The Associated Press
AP Photo/Bullit Marquez, File
FRANCES MARTEL

Philippines President Rodrigo Duterte has threatened to expand a 60-day state of emergency in southern Mindanao to the whole country should the Maute group, a terrorist organization that has pledged allegiance to the Islamic State (ISIS), expand its killing spree beyond the island.

Duterte, who arrived home from an abbreviated trip to Russia Wednesday, elaborated on the implications of martial law on the island. The president suspended the writ of habeas corpus and announced that police would no longer require a warrant on the island to arrest anyone suspected of being a member of the terrorist group.

“Checkpoints will be allowed. Searches will be allowed. Arrest without a warrant will be allowed in Mindanao,” Duterte explained. “And I do not need to secure any search warrant or a warrant of arrest. If you are identified positively on the other side, you can be arrested and detained.”

“Anyone caught possessing a gun and confronting us with violence, my orders are shoot to kill. I will not hesitate to do it,” he vowed. “If I think that you should die, you will die. If you fight us, you will die. If there is an open defiance, you will die.”

“Anyone now holding a gun, confronting government with violence, my orders are spare no one, let us solve the problems of Mindanao once and for all. Do not force my hands into it,” he added. Duterte added that he was mulling an order to allow civilians to use their legally purchased guns against Maute terrorists and carry them publicly to deter violence.
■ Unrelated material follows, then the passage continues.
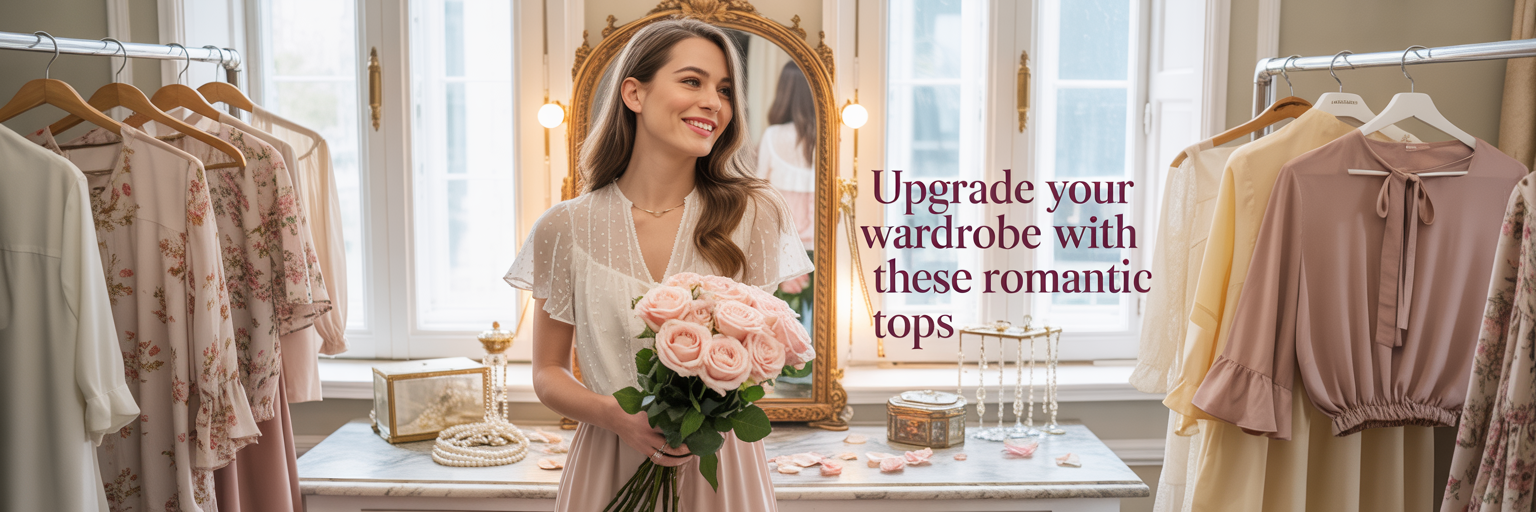 Upgrade Your Wardrobe With These Romantic Tops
Duterte added the rare warning that he would not allow police to abuse human rights with impunity. “I will assure you I am not willing to allow abuses. Government is still running, the Congress is functioning, and the courts are open for citizens to seek grievance,” he assured residents.
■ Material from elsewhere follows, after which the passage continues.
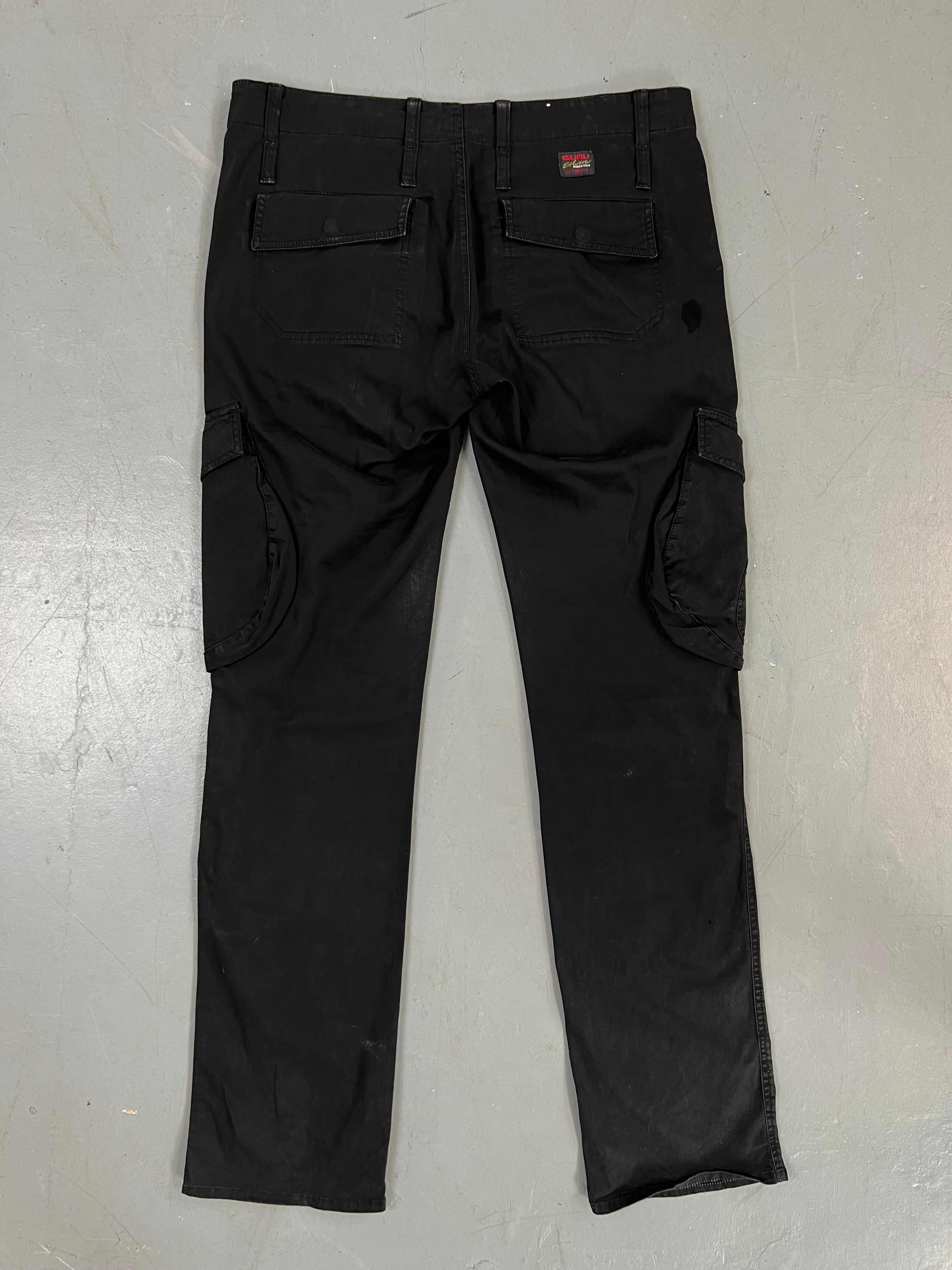 Vintage Guru Black Cargo Cargo Pants M/L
These clarifications followed comments on the flight back from Moscow, where he compared himself to predecessor Ferdinand Marcos, who also declared martial law. “I was asked how I would deal with terrorism. I said I’d be harsh. I told everyone, ‘do not force my hand into it,” he told reporters in a Facebook Live video posted by Presidential Communications Assistant Secretary Mocha Uson.

In that video, Duterte said he hoped to be able to lift the martial law order as soon as possible but could not guarantee a swift end to the crisis in Mindanao, where he currently resides. “If it would take a year to do it then we’ll do it. If it’s over in a month I’d be happy,” he said.
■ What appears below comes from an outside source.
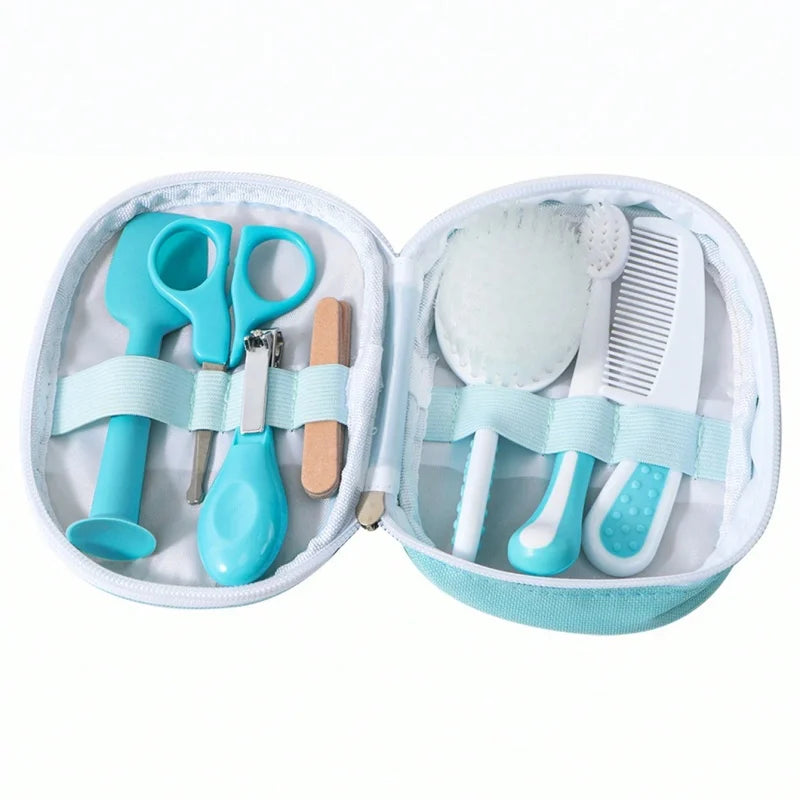 Baby Care Kit six-piece baby nasal inhaler Nail clipper brush file Comb scissors set daily cleaning and care accessories for Baby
Mindanao is home to a large Muslim population and has birthed multiple Muslim insurgencies, particularly the ISIS-affiliated Abu Sayyaf and Maute group. The Maute group pledged allegiance to the Islamic State in 2015 after its leaders established the “Khalifa Islamiah Mindanao” (“Mindanao Islamic Caliphate”) in 2012. Maute and Abu Sayyaf operate independently of each other despite their allegiance to ISIS, though they have pledged to aid each other.

The bond between Maute and Abu Sayyaf apparently triggered the wave of violence that spread throughout the island this week. Philippine police raided the home of Abu Sayyaf leader Isnilon Hapilon, triggering a rapid response from Maute jihadists, who stormed Marawi city, beheaded a local police chief, freed more than 100 jihadists at a local prison, and took a priest and Catholic believers praying at a local church hostage. Witnesses say Maute fighters have raised the Islamic State flag over the city from local mosques and burned down numerous Catholic and government buildings.

In addition to freeing an estimated 107 jihadists from a Mindanao prison, the Maute terrorists reportedly stole government vehicles to use in bringing the fugitives to their stronghold in Marawi.

For months, Duterte has warned that the collapse of the Islamic State in Syria and Iraq would present a danger to the Philippines. “Once the terrorists of the Middle East are deprived of the land area, the real estate area where they can sleep,” Duterte warned in November 2016, “they will wander to other places and they will come here and we have to prepare for that.”

Should ISIS surface in the Philippines, Duterte said then, “forget about human rights.”

“I will not just simply allow my people to be slaughtered for the sake of human rights; that’s bullshit,” he added.